Exercise goal:
Each line from the start of the data below through the one containing "Two blueberry scones" must be reproduced exactly.

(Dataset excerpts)
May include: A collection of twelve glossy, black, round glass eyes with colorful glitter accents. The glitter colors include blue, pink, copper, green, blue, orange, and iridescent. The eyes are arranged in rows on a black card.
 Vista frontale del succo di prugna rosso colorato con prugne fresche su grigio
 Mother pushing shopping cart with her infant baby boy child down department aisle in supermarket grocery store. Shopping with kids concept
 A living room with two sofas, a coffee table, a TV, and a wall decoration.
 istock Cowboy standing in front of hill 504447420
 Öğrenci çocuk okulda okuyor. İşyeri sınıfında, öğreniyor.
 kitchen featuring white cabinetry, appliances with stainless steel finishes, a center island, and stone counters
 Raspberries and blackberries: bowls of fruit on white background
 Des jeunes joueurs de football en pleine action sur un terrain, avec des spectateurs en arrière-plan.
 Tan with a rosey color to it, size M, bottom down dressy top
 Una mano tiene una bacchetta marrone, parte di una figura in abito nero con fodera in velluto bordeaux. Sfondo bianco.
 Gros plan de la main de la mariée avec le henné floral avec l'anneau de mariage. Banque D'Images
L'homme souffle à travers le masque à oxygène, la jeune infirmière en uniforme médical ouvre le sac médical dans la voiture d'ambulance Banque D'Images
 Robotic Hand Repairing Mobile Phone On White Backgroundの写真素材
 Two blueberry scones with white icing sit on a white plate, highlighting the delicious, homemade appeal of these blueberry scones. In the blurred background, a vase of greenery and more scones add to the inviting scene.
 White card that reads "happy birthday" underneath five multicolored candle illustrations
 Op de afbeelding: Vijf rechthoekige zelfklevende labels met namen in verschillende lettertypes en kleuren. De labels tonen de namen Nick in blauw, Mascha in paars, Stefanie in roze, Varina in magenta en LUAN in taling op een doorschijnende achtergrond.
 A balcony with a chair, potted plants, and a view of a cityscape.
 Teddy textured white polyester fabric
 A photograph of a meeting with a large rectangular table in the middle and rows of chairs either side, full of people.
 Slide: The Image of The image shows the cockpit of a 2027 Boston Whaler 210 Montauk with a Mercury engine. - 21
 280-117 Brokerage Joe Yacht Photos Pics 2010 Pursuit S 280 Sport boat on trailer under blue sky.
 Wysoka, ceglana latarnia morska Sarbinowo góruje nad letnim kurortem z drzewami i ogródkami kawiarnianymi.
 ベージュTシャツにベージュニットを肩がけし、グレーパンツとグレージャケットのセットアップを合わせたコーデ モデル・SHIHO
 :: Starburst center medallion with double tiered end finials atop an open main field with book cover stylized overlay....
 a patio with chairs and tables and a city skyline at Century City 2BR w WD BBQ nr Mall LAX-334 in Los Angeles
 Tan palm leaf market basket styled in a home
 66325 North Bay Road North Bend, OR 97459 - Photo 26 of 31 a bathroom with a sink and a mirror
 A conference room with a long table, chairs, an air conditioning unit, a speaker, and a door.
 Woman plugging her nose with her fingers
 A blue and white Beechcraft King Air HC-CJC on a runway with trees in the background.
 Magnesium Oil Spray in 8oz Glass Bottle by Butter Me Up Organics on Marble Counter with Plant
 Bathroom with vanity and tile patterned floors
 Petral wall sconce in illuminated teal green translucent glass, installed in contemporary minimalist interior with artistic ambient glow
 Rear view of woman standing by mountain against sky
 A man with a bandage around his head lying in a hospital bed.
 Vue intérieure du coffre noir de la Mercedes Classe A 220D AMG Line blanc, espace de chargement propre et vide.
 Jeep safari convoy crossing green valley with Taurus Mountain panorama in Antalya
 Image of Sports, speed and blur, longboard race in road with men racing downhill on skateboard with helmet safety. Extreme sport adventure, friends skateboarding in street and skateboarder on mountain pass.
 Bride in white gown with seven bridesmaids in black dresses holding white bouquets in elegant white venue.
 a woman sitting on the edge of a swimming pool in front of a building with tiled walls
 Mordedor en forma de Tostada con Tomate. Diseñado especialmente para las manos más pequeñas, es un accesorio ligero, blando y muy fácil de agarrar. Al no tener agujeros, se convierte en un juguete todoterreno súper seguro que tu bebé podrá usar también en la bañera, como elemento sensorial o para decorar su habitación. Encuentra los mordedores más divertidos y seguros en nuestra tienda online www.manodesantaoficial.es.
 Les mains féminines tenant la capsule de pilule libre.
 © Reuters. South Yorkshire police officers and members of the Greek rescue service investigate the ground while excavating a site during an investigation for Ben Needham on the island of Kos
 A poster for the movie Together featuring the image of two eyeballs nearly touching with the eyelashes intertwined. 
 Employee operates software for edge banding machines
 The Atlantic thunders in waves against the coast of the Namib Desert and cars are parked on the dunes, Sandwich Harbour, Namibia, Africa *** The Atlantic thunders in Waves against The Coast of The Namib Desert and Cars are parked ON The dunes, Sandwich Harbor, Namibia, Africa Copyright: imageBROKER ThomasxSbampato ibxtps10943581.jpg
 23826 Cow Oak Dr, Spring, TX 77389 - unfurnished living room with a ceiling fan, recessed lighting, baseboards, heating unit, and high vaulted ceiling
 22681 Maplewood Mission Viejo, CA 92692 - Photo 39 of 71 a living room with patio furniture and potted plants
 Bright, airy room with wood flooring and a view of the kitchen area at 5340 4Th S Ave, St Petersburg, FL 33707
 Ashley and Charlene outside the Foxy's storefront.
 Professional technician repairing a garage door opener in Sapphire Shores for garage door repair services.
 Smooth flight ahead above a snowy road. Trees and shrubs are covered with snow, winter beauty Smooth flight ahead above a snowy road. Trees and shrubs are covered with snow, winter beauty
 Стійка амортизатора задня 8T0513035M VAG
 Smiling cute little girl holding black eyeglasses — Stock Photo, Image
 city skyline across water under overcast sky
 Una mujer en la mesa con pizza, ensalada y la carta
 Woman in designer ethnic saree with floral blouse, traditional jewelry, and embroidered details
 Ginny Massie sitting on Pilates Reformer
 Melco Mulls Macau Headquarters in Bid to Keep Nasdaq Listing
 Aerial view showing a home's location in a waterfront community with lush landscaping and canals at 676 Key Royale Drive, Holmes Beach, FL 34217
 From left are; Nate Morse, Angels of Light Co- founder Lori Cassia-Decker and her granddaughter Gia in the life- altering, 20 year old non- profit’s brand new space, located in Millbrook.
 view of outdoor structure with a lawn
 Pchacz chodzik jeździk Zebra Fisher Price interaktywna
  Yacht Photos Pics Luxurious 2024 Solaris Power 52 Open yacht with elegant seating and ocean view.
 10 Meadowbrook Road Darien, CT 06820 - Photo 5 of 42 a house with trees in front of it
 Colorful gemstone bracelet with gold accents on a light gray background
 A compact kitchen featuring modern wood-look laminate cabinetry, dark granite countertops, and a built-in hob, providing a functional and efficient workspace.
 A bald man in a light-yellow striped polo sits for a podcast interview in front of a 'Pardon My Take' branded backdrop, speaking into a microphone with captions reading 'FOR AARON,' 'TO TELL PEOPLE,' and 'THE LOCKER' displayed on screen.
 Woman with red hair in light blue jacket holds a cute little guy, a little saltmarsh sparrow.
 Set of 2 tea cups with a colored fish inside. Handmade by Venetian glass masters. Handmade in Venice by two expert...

Solution for this problem:
May include: A collection of twelve glossy, black, round glass eyes with colorful glitter accents. The glitter colors include blue, pink, copper, green, blue, orange, and iridescent. The eyes are arranged in rows on a black card.
 Vista frontale del succo di prugna rosso colorato con prugne fresche su grigio
 Mother pushing shopping cart with her infant baby boy child down department aisle in supermarket grocery store. Shopping with kids concept
 A living room with two sofas, a coffee table, a TV, and a wall decoration.
 istock Cowboy standing in front of hill 504447420
 Öğrenci çocuk okulda okuyor. İşyeri sınıfında, öğreniyor.
 kitchen featuring white cabinetry, appliances with stainless steel finishes, a center island, and stone counters
 Raspberries and blackberries: bowls of fruit on white background
 Des jeunes joueurs de football en pleine action sur un terrain, avec des spectateurs en arrière-plan.
 Tan with a rosey color to it, size M, bottom down dressy top
 Una mano tiene una bacchetta marrone, parte di una figura in abito nero con fodera in velluto bordeaux. Sfondo bianco.
 Gros plan de la main de la mariée avec le henné floral avec l'anneau de mariage. Banque D'Images
L'homme souffle à travers le masque à oxygène, la jeune infirmière en uniforme médical ouvre le sac médical dans la voiture d'ambulance Banque D'Images
 Robotic Hand Repairing Mobile Phone On White Backgroundの写真素材
 Two blueberry scones with white icing sit on a white plate, highlighting the delicious, homemade appeal of these blueberry scones. In the blurred background, a vase of greenery and more scones add to the inviting scene.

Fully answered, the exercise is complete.